# Entries provided
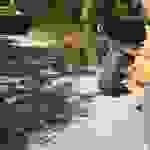 sam6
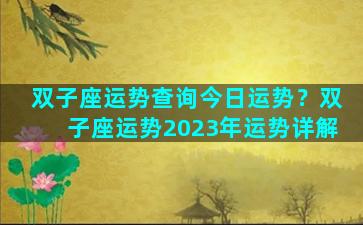双子座运势查询今日运势？双子座运势2023年运势详解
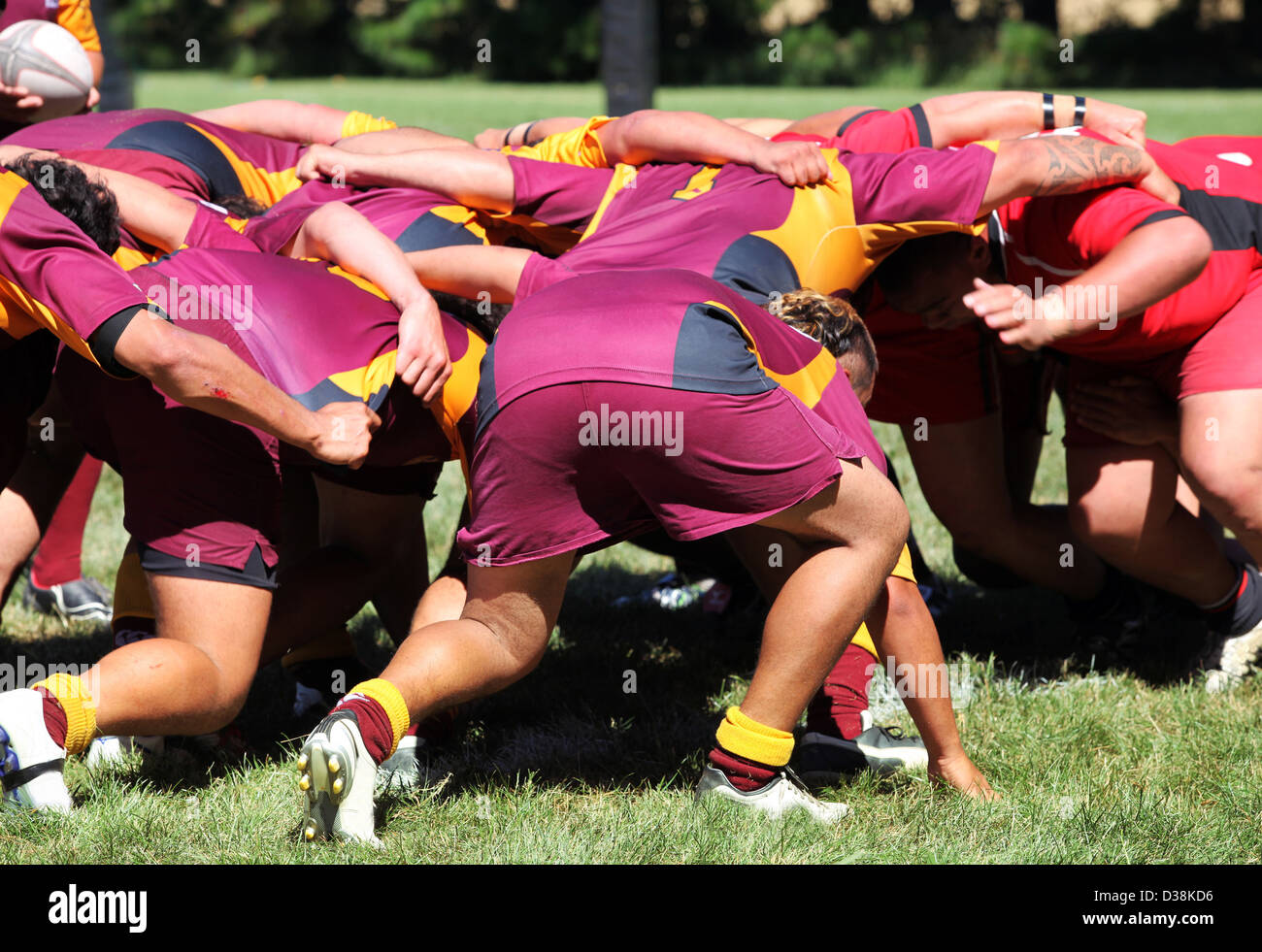 Men playing rugby union sport. New Zealand club Rugby Stock Photo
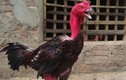Xem mô hình nuôi gà chọi lãi hàng trăm triệu ở Nghệ An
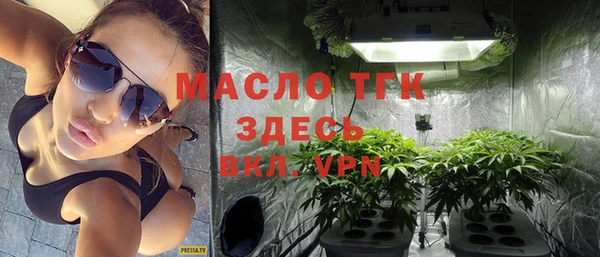 сатива Беломорск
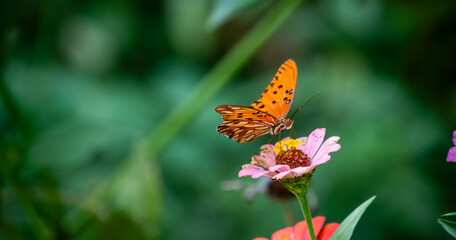 butterfly on flower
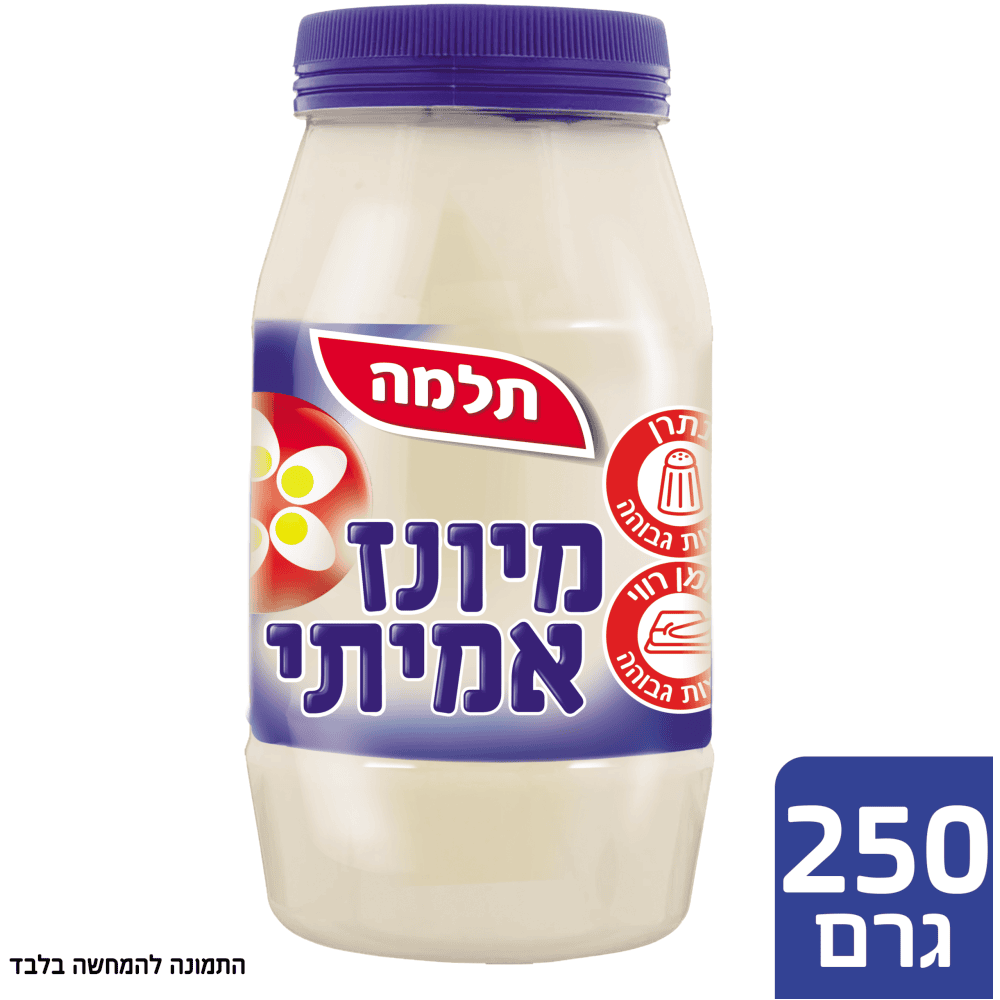 מיונז 250 גרם תלמה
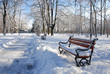 red benches red benches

# Required action
Leave out the pictures and repeat exactly the lines from the one containing "Xem mô hình" through the last line of the entries.

# Response
Xem mô hình nuôi gà chọi lãi hàng trăm triệu ở Nghệ An
 сатива Беломорск
 butterfly on flower
 מיונז 250 גרם תלמה
 red benches red benches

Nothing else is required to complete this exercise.